Repartitioning a high-volume topic in Kafka Streams could be very expensive. One solution is to partition the topic by a key on the producer’s side and ingest an already partitioned topic in Streams app.
Is there a way to tell Kafka Streams DSL that my source topic is already partitioned by the given key and no repartition is needed?
Let me clarify my question. Suppose I have a simple aggregation like that (details omitted for brevity):
builder
.stream("messages")
.groupBy((key, msg) -> msg.field)
.count();
Given this code, Kafka Streams would read messages
topic and immediately write messages back to internal repartitioning topic, this time partitioned by msg.field
as a key.
One simple way to render this round-trip unnecessary is to write the original messages
topic partitioned by the msg.field
in the first place. But Kafka Streams knows nothing about messages
topic partitioning and I've found no way to tell it how the topic is partitioned without causing real repartition.
Note that I'm not trying to eliminate the partitioning step completely as the topic has to be partitioned to compute keyed aggregations.

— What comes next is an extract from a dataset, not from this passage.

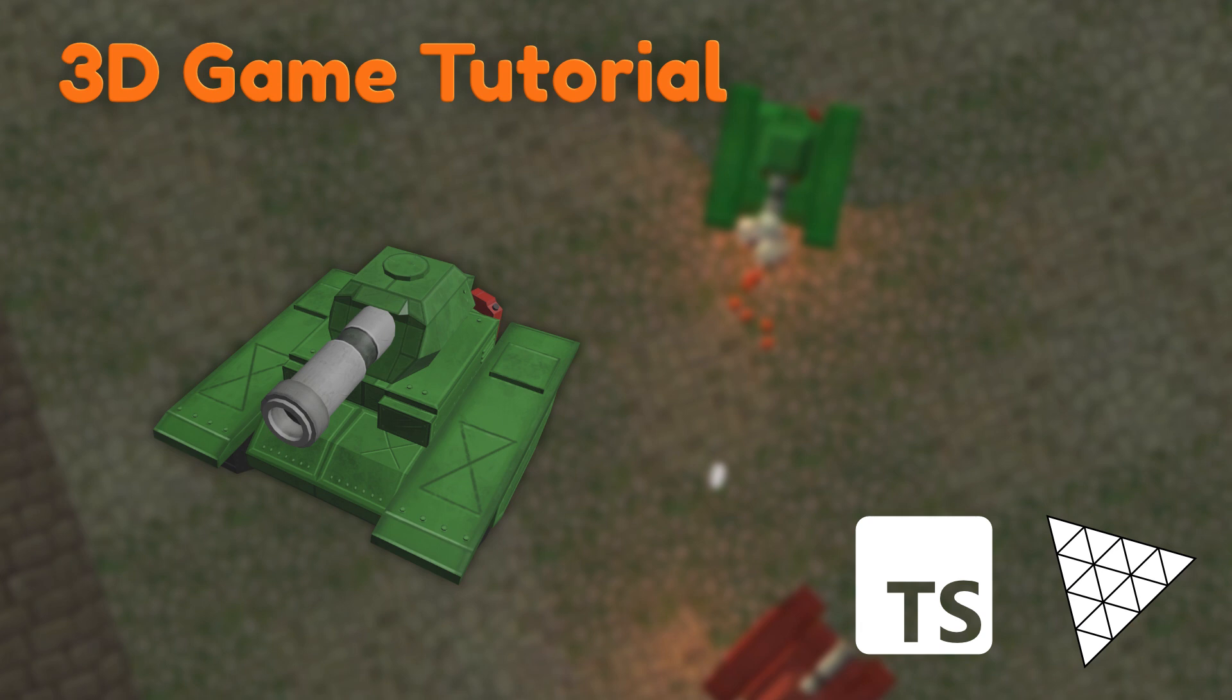Welcome to the 6th class of the series on how to create a game using TypeScript and Three.js. In this video, we will learn how to implement the shooting mechanic in the game.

I just want to shift the partitioning step upstream from the Kafka Streams application to the original topic producers.
What I'm looking for is basically something like this:
builder
.stream("messages")
.assumeGroupedBy((key, msg) -> msg.field)
.count();
where assumeGroupedBy
would mark stream as already partitioned by msg.field
. I understand this solution is kind of fragile and would break on partitioning key mismatch, but it solves one of the problems when processing really large volumes of data.